Article written by Gareth Loudon of Light Minds Ltd

When developing a new product or service many business advisors encourage businesses to undertake market research, and rightly so. Traditional market research work can study different market segments, highlight the size of the market, who the competitors are (and what they are doing) and even future trends for the market. Business advisors will also encourage businesses to undertake a SWOT analysis (strengths, weaknesses, opportunities and threats) to help with strategic planning and encourage them to conduct a study into the protection of their new ideas via patenting. However that is often where it stops. If it looks as if there is a market big enough to make a profitable product, the product is unique in the market and the product can be protected (via patenting or some other means) then businesses are commonly encouraged to dive into the expensive product development phase. After all, time to market is important.
Often, too little attention is given to whether the product actually has a useful purpose, whether the product would be easy to use and whether the product would be appealing to the target customer. Businesses, business advisors and even investors are sometimes guilty of glossing over these issues and relying on a hunch without conducting the necessary research. Businesses who dive into the product development phase straight after conducting market research are taking a very high risk strategy. It seems much more sensible to study whether the new product idea meets the needs of the target customers first, by conducting some initial customer research. Not just to ask customers what they want or if they like the new product idea or not, but to see if the new product could really add value.
Early customer research work can help clarify key product design and product positioning issues that must be right to give the new product a better chance of success in the market. One customer research method widely used in industry today to gain customer insight is called ethnographic research. Ethnography is the study of people’s everyday lives. Ethnography goes beyond questionnaires and focus groups and uses participant observation and interviews to capture and describe customer behaviour, beliefs and values.
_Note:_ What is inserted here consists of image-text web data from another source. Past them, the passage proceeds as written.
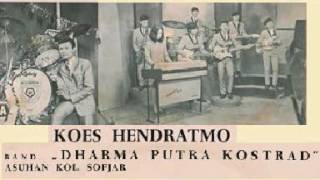 Download lagu SALAM MESRA BUAT HALMAHERA  ( Tjipt . M Embut ) - Koes Hendratmo mp3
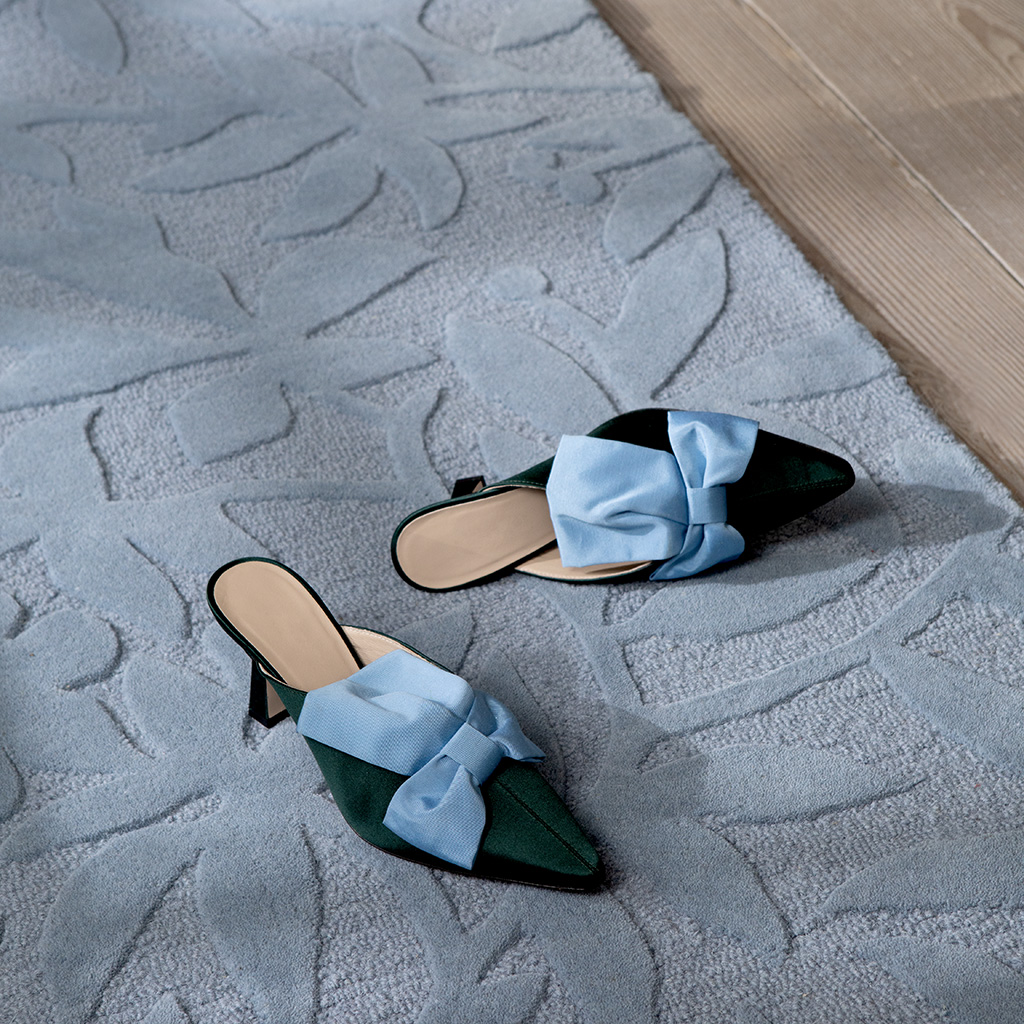 Dywan Cleavers-Seaspray 080908 | Rozmiar: 140 x 200 cm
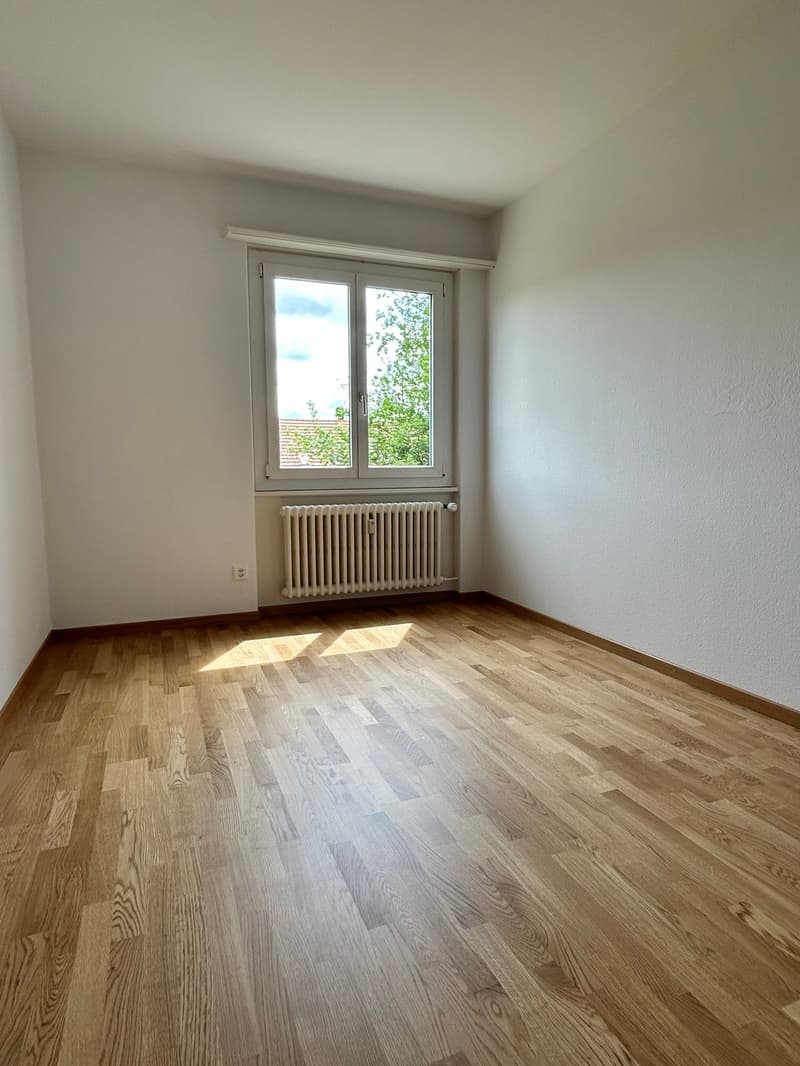 Schnappen Sie jetzt zu! Moderne 3-Zimmer-Wohnung in Worb (4)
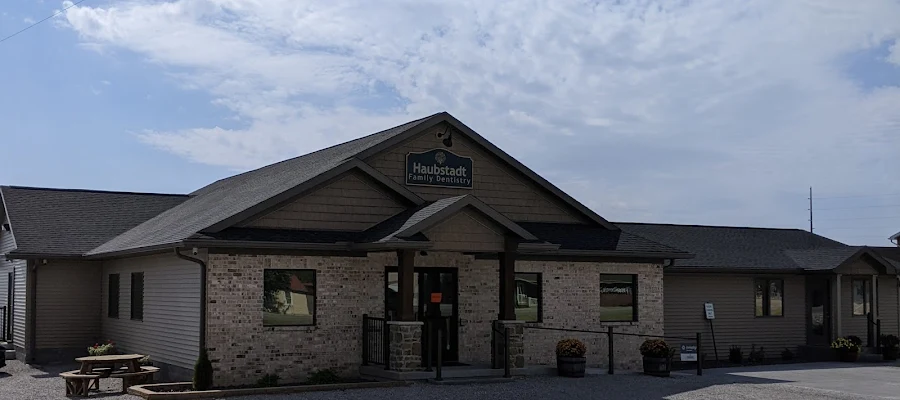 Haubstadt Family Dentistry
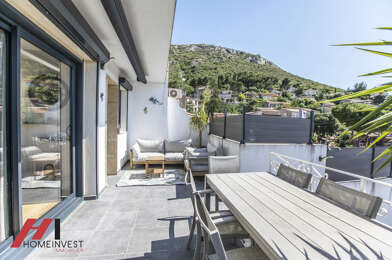 Maison 4 pièces 349000 €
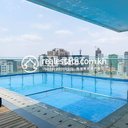 DABEST PROPERTIES: 2 Bedroom Apartment for Rent with Gym, Swimming pool in Phnom Penh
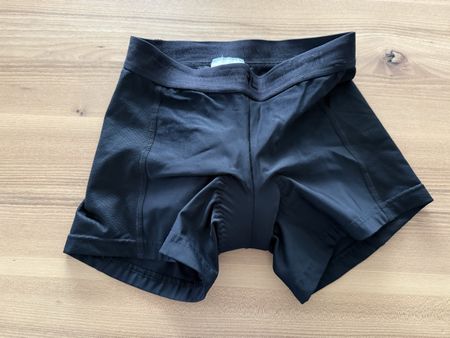 Velohose zum Unterziehen für Damen Gr.XS von Pearl Izumi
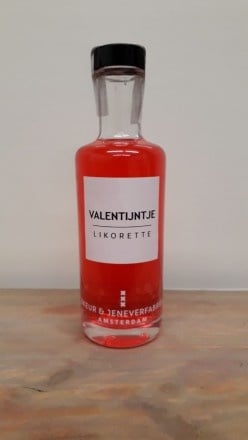 Likorette Valentijntje
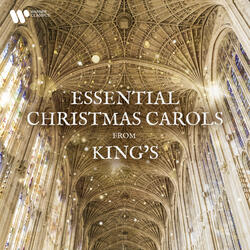 Traditional: The First Nowell (Arr. Stainer & Ledger)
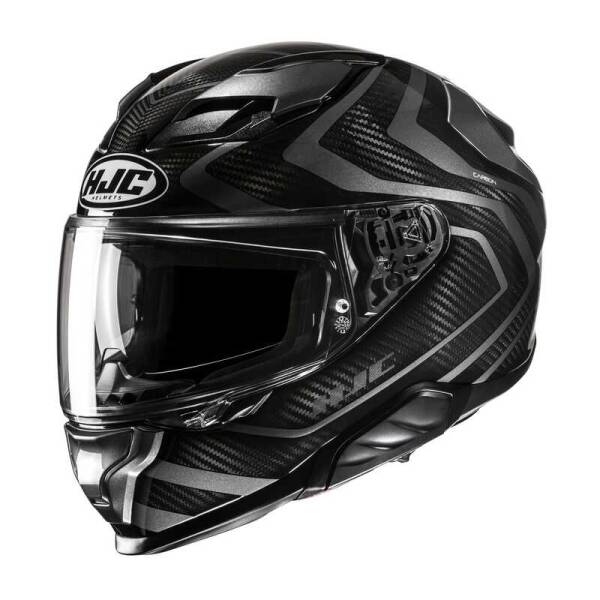 HJC F71 KASK CARBON NEVIO MC5 - 1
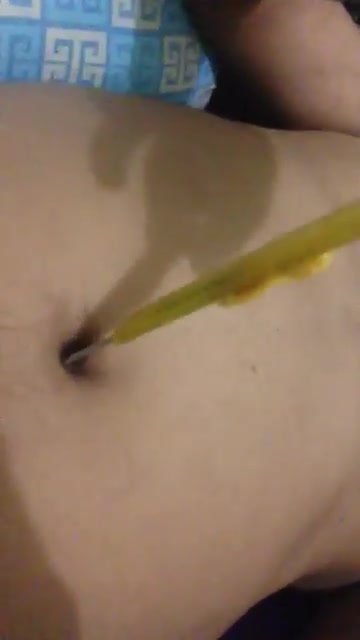 stab my navel1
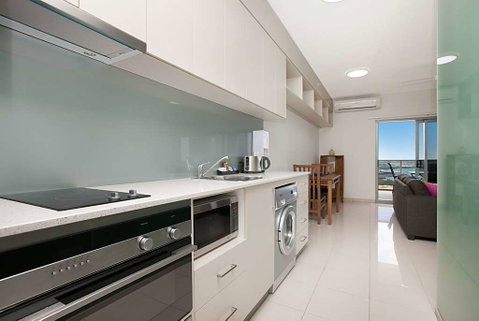 Ramada Suites Zen Quarter Darwin - Kawana Tourism 6
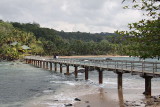 Bom Bom Resort, Príncipe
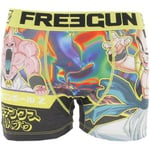 Boxers Freegun  Boxer homme en microfibre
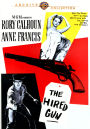 The Hired Gun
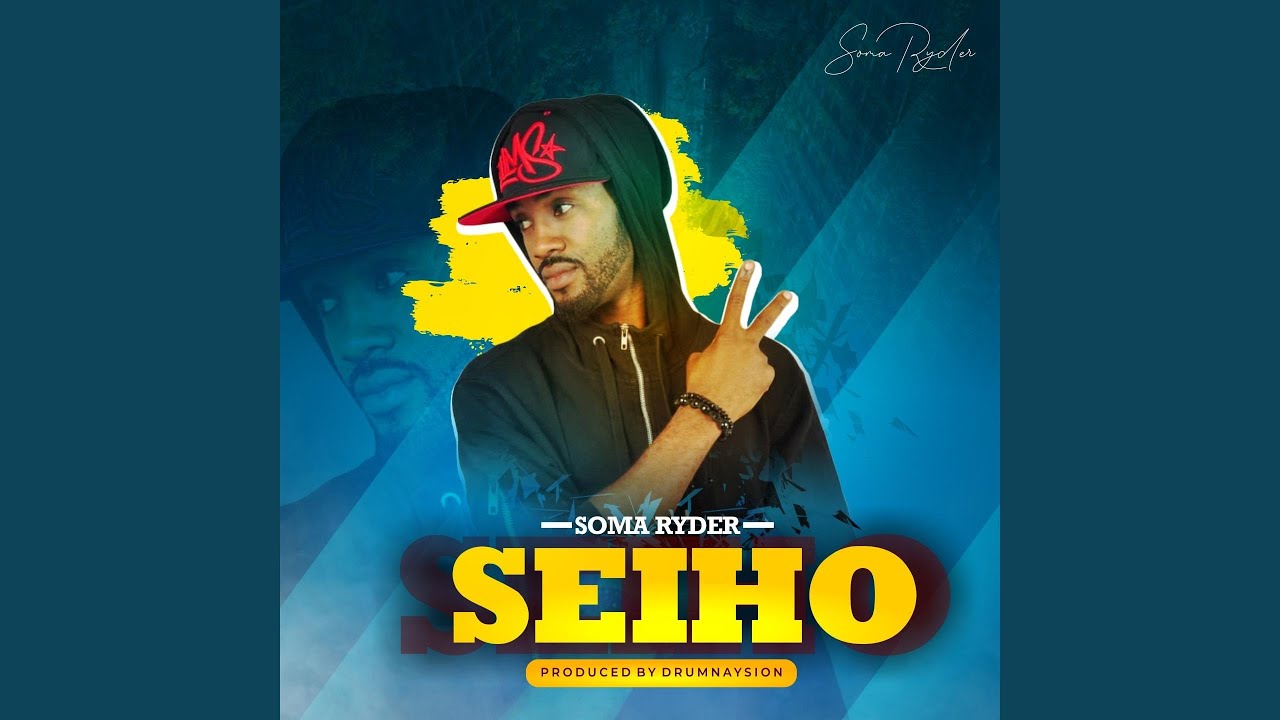 Seiho - YouTube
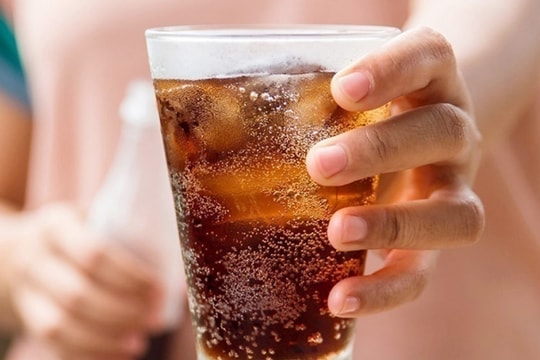 Tác hại của coca cola không phải ai cũng biết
Ethnography can be used to uncover discrepancies between what people say they do and what they actually do; to identify needs that people can’t articulate explicitly; and to describe how products and services are used and the meaning people attached to them. Please check out some of my previous articles as well as the Light Minds website and links to learn more about the use of ethnography in new product development.
My personal experiences are that far too much money is wasted unnecessarily in new product development because businesses have rushed into the product development phase straight after the market research stage. Finding and fixing problems once detailed prototypes have been made, or even after the new product has been launched on the market is a very expensive way to run a business. Early customer research can help avoid some of these problems and can help put in place a clear product design and marketing plan.